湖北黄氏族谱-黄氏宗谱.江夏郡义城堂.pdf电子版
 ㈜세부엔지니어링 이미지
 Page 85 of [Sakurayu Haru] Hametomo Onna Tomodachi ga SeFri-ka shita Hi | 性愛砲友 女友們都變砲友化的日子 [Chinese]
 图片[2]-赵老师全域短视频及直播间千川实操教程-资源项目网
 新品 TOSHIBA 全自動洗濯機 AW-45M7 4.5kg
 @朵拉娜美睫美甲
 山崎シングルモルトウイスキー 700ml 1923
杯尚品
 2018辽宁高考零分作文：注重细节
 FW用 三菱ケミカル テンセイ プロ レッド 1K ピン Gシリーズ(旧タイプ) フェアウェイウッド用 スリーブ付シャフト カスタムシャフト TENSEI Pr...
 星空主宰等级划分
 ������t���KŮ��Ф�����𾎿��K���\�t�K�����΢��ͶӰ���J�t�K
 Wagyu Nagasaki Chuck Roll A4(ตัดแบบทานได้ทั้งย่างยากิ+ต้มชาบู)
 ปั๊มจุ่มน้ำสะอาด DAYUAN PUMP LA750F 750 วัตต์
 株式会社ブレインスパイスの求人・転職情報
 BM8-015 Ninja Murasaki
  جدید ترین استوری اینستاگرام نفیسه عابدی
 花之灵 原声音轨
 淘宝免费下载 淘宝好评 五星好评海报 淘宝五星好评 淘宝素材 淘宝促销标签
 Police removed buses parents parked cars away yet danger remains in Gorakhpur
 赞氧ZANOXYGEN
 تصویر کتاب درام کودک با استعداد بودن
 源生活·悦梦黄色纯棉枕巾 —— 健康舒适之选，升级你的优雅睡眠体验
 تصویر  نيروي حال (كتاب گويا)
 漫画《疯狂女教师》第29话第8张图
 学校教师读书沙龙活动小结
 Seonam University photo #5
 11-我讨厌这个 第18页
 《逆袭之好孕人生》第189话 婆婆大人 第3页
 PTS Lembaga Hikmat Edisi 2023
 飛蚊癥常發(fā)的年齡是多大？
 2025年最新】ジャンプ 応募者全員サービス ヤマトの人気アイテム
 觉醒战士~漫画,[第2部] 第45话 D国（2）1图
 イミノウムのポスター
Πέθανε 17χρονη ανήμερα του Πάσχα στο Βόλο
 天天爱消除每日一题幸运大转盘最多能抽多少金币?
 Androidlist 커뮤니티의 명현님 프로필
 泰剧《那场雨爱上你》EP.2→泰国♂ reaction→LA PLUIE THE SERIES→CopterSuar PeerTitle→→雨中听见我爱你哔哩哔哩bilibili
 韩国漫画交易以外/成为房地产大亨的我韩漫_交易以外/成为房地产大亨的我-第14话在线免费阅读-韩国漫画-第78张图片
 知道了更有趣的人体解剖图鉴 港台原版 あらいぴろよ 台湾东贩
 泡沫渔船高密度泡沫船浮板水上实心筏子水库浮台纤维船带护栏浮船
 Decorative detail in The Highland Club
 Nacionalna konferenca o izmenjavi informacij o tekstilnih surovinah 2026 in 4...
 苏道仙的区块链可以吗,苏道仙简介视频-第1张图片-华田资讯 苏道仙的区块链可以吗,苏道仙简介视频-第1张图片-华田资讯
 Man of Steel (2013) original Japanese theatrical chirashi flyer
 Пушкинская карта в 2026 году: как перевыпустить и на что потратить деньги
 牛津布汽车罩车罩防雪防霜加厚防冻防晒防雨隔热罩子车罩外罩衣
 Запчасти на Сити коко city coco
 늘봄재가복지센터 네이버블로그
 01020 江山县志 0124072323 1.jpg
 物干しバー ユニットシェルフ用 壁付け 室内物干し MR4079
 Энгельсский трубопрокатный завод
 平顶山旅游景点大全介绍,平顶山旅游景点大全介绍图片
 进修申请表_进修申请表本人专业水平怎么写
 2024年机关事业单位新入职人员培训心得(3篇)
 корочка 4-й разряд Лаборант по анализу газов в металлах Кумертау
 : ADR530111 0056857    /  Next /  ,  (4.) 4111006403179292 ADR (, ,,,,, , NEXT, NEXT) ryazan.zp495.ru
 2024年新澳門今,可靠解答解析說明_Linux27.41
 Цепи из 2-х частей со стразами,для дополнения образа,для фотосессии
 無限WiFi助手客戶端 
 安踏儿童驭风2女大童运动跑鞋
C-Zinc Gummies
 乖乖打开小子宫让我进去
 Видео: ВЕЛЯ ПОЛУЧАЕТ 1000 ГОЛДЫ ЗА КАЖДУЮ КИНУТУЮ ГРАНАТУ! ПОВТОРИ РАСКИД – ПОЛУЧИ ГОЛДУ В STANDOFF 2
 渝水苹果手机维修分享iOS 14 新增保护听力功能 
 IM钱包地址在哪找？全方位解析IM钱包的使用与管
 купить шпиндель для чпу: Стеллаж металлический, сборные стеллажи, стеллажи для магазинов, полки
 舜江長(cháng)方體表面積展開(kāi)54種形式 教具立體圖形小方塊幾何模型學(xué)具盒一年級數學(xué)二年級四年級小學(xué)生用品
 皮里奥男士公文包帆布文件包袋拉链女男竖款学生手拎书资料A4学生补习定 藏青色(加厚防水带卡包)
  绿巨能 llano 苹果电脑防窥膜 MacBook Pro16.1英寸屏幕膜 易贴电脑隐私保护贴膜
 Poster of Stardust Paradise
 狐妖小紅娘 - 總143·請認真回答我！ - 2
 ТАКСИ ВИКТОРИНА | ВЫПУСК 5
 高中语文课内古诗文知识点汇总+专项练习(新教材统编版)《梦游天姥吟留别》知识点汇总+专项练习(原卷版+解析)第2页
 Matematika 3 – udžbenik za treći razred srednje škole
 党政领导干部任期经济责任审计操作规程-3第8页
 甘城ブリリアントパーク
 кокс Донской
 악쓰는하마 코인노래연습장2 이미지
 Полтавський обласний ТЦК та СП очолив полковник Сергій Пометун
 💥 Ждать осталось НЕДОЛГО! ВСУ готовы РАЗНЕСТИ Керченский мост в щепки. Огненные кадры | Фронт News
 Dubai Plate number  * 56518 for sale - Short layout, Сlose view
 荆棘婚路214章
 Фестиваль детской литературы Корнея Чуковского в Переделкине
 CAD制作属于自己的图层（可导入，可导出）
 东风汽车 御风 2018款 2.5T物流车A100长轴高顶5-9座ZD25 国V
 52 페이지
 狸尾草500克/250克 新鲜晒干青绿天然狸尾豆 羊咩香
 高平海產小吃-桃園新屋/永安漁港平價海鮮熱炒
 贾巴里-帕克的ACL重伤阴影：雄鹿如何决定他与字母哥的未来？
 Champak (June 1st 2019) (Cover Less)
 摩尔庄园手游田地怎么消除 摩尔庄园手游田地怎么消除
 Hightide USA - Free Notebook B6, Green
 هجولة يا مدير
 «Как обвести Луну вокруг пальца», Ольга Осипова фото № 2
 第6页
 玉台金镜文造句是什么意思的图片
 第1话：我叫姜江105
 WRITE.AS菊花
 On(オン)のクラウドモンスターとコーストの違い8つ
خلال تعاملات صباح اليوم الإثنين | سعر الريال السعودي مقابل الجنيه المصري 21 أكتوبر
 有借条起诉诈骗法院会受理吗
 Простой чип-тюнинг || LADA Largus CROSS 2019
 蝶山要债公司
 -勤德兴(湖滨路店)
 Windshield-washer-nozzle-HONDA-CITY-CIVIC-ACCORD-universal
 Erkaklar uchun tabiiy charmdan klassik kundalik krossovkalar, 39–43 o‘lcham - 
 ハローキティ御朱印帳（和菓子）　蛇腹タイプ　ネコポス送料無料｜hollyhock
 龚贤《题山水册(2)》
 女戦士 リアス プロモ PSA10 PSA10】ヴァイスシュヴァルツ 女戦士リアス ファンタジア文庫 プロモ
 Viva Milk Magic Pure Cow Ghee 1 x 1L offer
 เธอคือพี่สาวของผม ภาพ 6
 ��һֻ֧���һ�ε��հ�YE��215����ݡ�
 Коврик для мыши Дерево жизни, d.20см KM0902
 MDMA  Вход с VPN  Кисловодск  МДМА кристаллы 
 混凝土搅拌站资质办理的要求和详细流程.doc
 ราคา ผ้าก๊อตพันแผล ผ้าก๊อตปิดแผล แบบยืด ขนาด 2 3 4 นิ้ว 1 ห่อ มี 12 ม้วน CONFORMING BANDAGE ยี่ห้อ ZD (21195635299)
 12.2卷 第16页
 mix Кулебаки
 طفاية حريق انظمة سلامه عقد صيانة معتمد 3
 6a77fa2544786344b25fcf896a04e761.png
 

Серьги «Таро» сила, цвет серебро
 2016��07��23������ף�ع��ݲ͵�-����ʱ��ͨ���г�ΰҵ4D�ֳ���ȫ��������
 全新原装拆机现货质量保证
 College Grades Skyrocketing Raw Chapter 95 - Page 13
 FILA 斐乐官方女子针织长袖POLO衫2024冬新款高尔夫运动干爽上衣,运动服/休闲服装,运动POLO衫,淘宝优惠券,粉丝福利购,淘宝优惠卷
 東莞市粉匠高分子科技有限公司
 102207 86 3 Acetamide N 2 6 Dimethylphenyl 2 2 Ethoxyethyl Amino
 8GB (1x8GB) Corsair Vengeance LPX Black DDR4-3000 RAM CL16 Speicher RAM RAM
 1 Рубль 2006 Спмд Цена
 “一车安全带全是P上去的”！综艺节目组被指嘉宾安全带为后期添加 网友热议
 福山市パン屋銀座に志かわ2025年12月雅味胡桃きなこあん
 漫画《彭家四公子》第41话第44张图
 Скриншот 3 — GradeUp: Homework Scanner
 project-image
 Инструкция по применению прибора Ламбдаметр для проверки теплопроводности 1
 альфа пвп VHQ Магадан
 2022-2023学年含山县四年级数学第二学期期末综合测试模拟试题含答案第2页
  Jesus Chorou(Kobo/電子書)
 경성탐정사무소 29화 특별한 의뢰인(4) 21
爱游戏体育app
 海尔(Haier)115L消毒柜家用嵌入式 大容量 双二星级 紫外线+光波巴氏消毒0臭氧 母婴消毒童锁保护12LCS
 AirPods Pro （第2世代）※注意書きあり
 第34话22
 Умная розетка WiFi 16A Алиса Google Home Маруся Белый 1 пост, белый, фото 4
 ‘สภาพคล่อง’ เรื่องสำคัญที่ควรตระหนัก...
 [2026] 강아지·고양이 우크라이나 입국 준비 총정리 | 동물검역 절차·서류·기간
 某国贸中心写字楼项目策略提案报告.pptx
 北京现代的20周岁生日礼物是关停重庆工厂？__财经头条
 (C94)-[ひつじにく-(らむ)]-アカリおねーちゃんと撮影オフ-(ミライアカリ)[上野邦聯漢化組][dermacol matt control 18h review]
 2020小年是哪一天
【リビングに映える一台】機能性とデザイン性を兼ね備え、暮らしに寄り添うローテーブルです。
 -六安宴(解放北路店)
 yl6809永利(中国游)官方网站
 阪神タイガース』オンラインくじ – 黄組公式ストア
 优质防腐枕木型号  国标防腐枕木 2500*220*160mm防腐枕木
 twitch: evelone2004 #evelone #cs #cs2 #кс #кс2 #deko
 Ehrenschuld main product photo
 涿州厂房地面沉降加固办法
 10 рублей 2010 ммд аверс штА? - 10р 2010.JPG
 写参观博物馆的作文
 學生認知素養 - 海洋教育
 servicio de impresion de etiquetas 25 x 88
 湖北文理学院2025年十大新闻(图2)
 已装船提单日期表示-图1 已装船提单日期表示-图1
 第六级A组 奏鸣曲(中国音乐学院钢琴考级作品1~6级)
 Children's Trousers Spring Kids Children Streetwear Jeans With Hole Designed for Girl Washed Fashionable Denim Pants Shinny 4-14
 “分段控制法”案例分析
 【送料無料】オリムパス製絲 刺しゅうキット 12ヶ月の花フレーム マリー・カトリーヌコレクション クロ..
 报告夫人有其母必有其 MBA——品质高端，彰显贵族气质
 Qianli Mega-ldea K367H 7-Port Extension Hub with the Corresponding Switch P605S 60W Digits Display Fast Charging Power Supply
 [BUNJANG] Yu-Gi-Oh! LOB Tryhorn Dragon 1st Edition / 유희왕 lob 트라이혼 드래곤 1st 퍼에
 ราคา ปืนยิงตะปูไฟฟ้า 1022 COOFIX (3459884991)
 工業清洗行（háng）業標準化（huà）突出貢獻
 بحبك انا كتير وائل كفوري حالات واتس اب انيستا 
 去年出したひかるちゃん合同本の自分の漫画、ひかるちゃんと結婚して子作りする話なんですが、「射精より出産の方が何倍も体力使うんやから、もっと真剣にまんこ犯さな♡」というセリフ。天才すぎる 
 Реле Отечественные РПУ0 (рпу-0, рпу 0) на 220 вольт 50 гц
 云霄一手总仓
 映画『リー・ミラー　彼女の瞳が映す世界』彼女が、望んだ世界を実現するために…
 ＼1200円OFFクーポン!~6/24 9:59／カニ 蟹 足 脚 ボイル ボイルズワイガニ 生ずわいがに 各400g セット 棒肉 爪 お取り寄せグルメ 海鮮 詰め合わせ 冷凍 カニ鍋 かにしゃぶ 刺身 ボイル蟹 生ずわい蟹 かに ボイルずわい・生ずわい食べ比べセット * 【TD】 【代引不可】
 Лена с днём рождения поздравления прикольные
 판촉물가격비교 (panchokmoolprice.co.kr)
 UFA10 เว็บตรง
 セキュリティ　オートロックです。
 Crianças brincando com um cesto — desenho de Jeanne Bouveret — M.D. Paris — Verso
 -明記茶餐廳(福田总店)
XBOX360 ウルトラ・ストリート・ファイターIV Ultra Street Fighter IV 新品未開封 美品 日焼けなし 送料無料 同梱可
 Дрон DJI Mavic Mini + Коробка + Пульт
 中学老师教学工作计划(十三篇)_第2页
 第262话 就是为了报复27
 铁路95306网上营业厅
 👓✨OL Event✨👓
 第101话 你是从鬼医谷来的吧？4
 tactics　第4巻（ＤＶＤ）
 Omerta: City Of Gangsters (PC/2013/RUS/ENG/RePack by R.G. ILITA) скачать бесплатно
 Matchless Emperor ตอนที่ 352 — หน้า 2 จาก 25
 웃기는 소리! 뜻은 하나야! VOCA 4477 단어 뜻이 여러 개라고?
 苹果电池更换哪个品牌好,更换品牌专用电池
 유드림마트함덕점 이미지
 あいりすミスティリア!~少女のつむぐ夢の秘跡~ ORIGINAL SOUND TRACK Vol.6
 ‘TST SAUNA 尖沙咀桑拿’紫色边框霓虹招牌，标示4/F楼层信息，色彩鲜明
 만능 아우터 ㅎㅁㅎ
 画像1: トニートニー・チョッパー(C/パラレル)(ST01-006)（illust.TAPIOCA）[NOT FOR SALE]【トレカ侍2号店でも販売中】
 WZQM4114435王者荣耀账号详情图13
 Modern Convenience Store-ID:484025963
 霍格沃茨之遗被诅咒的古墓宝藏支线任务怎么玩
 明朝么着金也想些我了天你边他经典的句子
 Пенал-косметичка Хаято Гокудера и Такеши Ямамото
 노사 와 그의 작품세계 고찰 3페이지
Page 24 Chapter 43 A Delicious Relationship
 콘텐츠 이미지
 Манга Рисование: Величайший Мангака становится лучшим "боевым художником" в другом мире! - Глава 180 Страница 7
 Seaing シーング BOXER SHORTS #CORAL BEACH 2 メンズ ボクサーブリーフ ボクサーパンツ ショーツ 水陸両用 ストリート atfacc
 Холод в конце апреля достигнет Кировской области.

━━━

**Try it**
What are the lines, exactly as written above, from the line with "12ヶ月の花フレーム マリー・カトリーヌコレクション クロ.." to the line with "노사 와 그의 작품세계 고찰 3페이지", both included? Output only those.

**Result**
 【送料無料】オリムパス製絲 刺しゅうキット 12ヶ月の花フレーム マリー・カトリーヌコレクション クロ..
 报告夫人有其母必有其 MBA——品质高端，彰显贵族气质
 Qianli Mega-ldea K367H 7-Port Extension Hub with the Corresponding Switch P605S 60W Digits Display Fast Charging Power Supply
 [BUNJANG] Yu-Gi-Oh! LOB Tryhorn Dragon 1st Edition / 유희왕 lob 트라이혼 드래곤 1st 퍼에
 ราคา ปืนยิงตะปูไฟฟ้า 1022 COOFIX (3459884991)
 工業清洗行（háng）業標準化（huà）突出貢獻
 بحبك انا كتير وائل كفوري حالات واتس اب انيستا 
 去年出したひかるちゃん合同本の自分の漫画、ひかるちゃんと結婚して子作りする話なんですが、「射精より出産の方が何倍も体力使うんやから、もっと真剣にまんこ犯さな♡」というセリフ。天才すぎる 
 Реле Отечественные РПУ0 (рпу-0, рпу 0) на 220 вольт 50 гц
 云霄一手总仓
 映画『リー・ミラー　彼女の瞳が映す世界』彼女が、望んだ世界を実現するために…
 ＼1200円OFFクーポン!~6/24 9:59／カニ 蟹 足 脚 ボイル ボイルズワイガニ 生ずわいがに 各400g セット 棒肉 爪 お取り寄せグルメ 海鮮 詰め合わせ 冷凍 カニ鍋 かにしゃぶ 刺身 ボイル蟹 生ずわい蟹 かに ボイルずわい・生ずわい食べ比べセット * 【TD】 【代引不可】
 Лена с днём рождения поздравления прикольные
 판촉물가격비교 (panchokmoolprice.co.kr)
 UFA10 เว็บตรง
 セキュリティ　オートロックです。
 Crianças brincando com um cesto — desenho de Jeanne Bouveret — M.D. Paris — Verso
 -明記茶餐廳(福田总店)
XBOX360 ウルトラ・ストリート・ファイターIV Ultra Street Fighter IV 新品未開封 美品 日焼けなし 送料無料 同梱可
 Дрон DJI Mavic Mini + Коробка + Пульт
 中学老师教学工作计划(十三篇)_第2页
 第262话 就是为了报复27
 铁路95306网上营业厅
 👓✨OL Event✨👓
 第101话 你是从鬼医谷来的吧？4
 tactics　第4巻（ＤＶＤ）
 Omerta: City Of Gangsters (PC/2013/RUS/ENG/RePack by R.G. ILITA) скачать бесплатно
 Matchless Emperor ตอนที่ 352 — หน้า 2 จาก 25
 웃기는 소리! 뜻은 하나야! VOCA 4477 단어 뜻이 여러 개라고?
 苹果电池更换哪个品牌好,更换品牌专用电池
 유드림마트함덕점 이미지
 あいりすミスティリア!~少女のつむぐ夢の秘跡~ ORIGINAL SOUND TRACK Vol.6
 ‘TST SAUNA 尖沙咀桑拿’紫色边框霓虹招牌，标示4/F楼层信息，色彩鲜明
 만능 아우터 ㅎㅁㅎ
 画像1: トニートニー・チョッパー(C/パラレル)(ST01-006)（illust.TAPIOCA）[NOT FOR SALE]【トレカ侍2号店でも販売中】
 WZQM4114435王者荣耀账号详情图13
 Modern Convenience Store-ID:484025963
 霍格沃茨之遗被诅咒的古墓宝藏支线任务怎么玩
 明朝么着金也想些我了天你边他经典的句子
 Пенал-косметичка Хаято Гокудера и Такеши Ямамото
 노사 와 그의 작품세계 고찰 3페이지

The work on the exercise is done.